Re: Simpler ZooKeeper event interface....

2009-01-07 Thread Patrick Hunt
Btw, not sure if you've looked at this but your code is similar to one 
of the examples in the docs:


http://hadoop.apache.org/zookeeper/docs/r3.0.1/javaExample.html

Notice that the listener is ignoring anything other than session expiration.

Patrick

Patrick Hunt wrote:

Take a look at the leader election recipe here:
http://hadoop.apache.org/zookeeper/docs/r3.0.1/recipes.html#sc_leaderElection 



Also a very simple version of leader election is detailed in the preso:
http://wiki.apache.org/hadoop/ZooKeeper/ZooKeeperPresentations

If the leader is disconnected it can't give up leadership - as it's not 
connected to the cluster it can't make changes to the znodes. That's why 
the recipe uses ephemeral nodes, so that if the cluster _expires_ the 
leaders session (doesn't hear from the client w/in the timeout specified 
by that particular client during session establishment, say the network 
btw the leader/cluster fails) the leader znode will be removed, the 
followers notified, and a new leader elected.


If the leader is disconnected for a short period, then reconnected, this 
may be a non issue from an application (your app) perspective, or it may 
be something that is important to the application as a whole, it's up to 
each implementation whether this is important or just ignored.


Patrick

Hiram Chirino wrote:

Knowing about a disconnection may be important to some apps.  For
example if an app uses ZK for leader election, and the leader gets
disconnected from ZK, he should give up being the leader, since a
different leader may get elected while he is disconnected from ZK.
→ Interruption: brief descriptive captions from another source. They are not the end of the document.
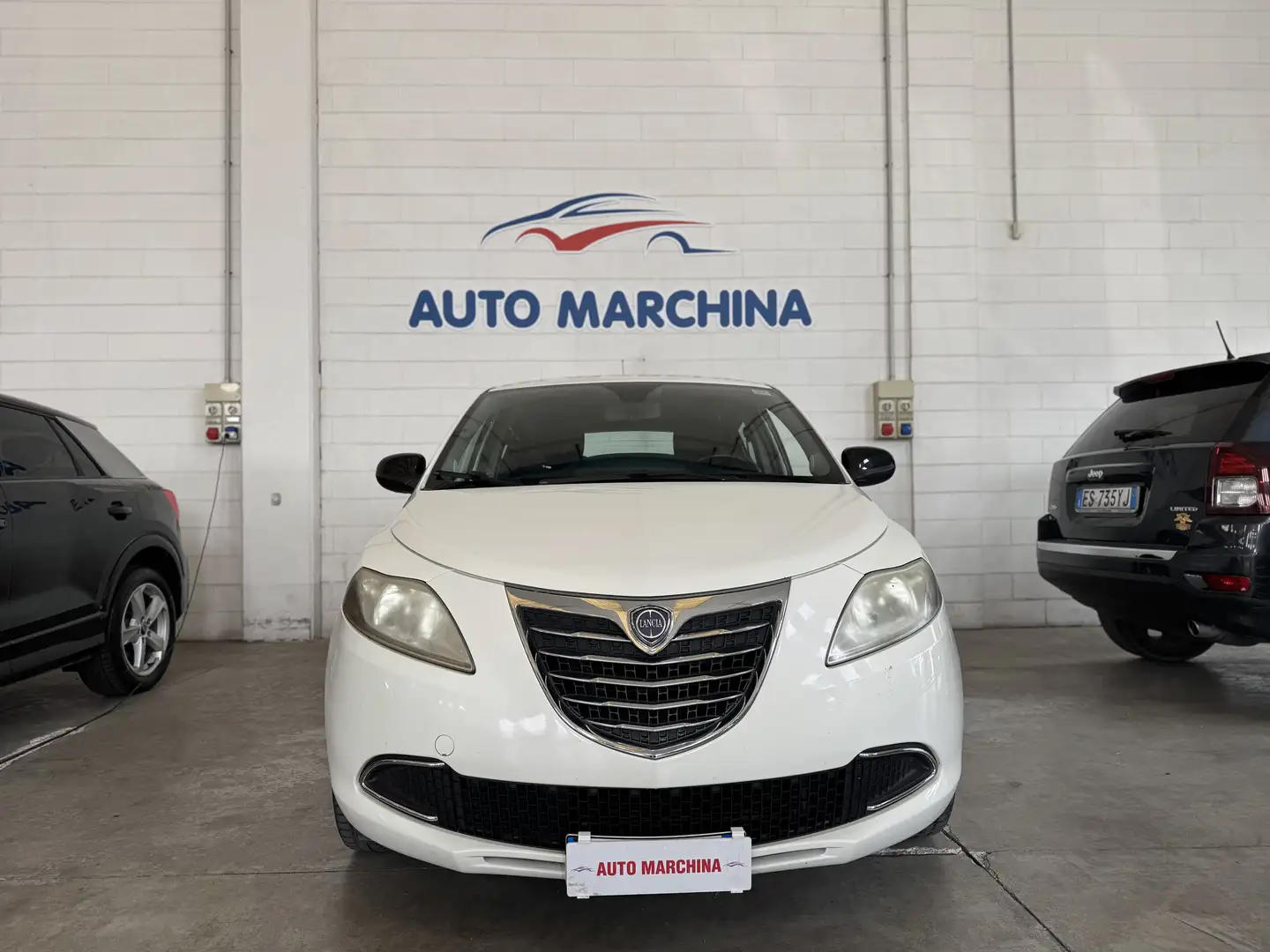 Lancia Ypsilon 1.2 PLATONIUM OCCASIONE Blanc - 2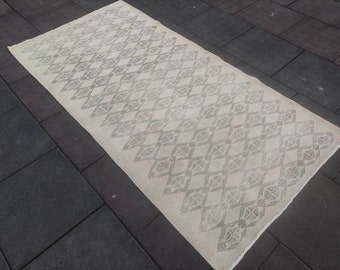 3x6 ft Vintage area rug, Turkish rug, Handmade rug, Anatolian rug, Living room rug, Kitchen rug, Bedroom rug.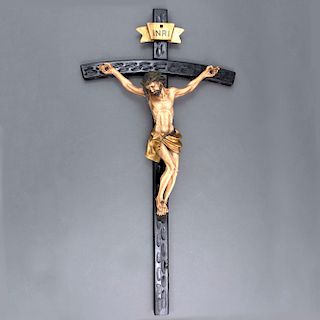 Crucifijo. Siglo XX. Elaborado en pasta. Con cruz de madera tallada.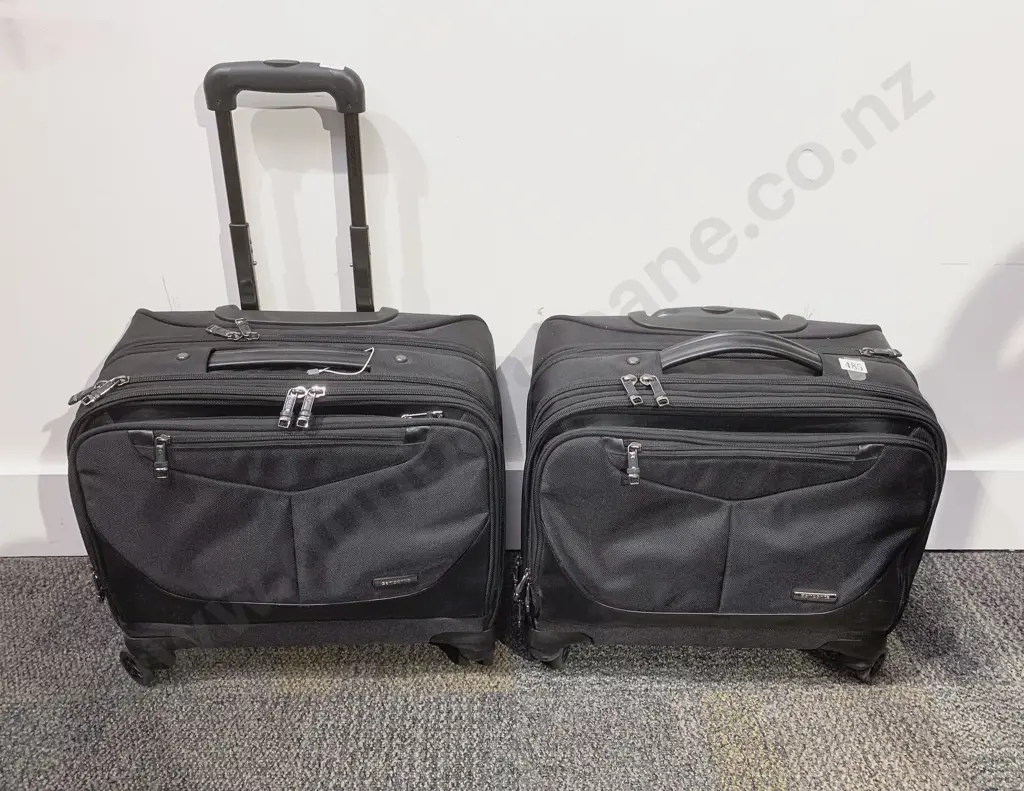 Pair of Samsonite Trolley Luggage Cases Image 1++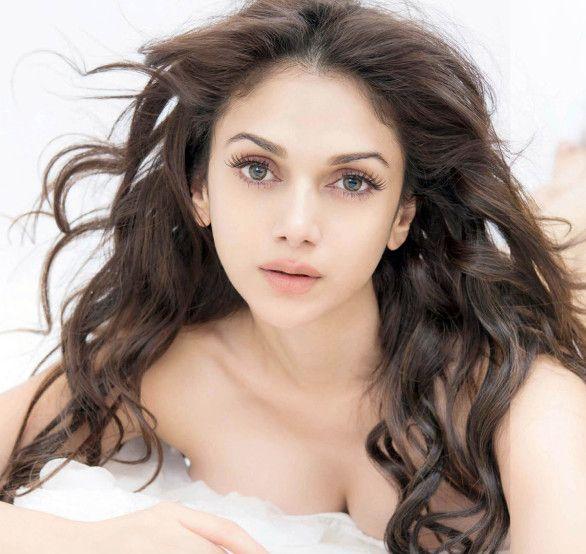 Hot Pics Of Aditi Rao Hydari That Are Too Hot To Handle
On Tue, Jan 6, 2009 at 11:58 PM, Kevin Burton  wrote:

3.0.1.
my watches get recreated on the new server but I'm still too aware of
connections.

In fact, shouldn't disconnect be removed entirely?  Or is this just 
advice

telling the client that something bad might have happened?

Kevin

On Tue, Jan 6, 2009 at 7:12 PM, Mahadev Konar  
wrote:



http://issues.apache.org/jira/browse/ZOOKEEPER-23

This has been fixed in zookeeper-3.0 release. Are you using a 
release from

sourceforge?


mahadev


On 1/6/09 4:57 PM, "Kevin Burton"  wrote:

This could be simplified if the semantics for reconnect were 
simplified.

Is there any reason why I should know about a disconnect if ZK is just

going

to reconnect me to another server in 1ms?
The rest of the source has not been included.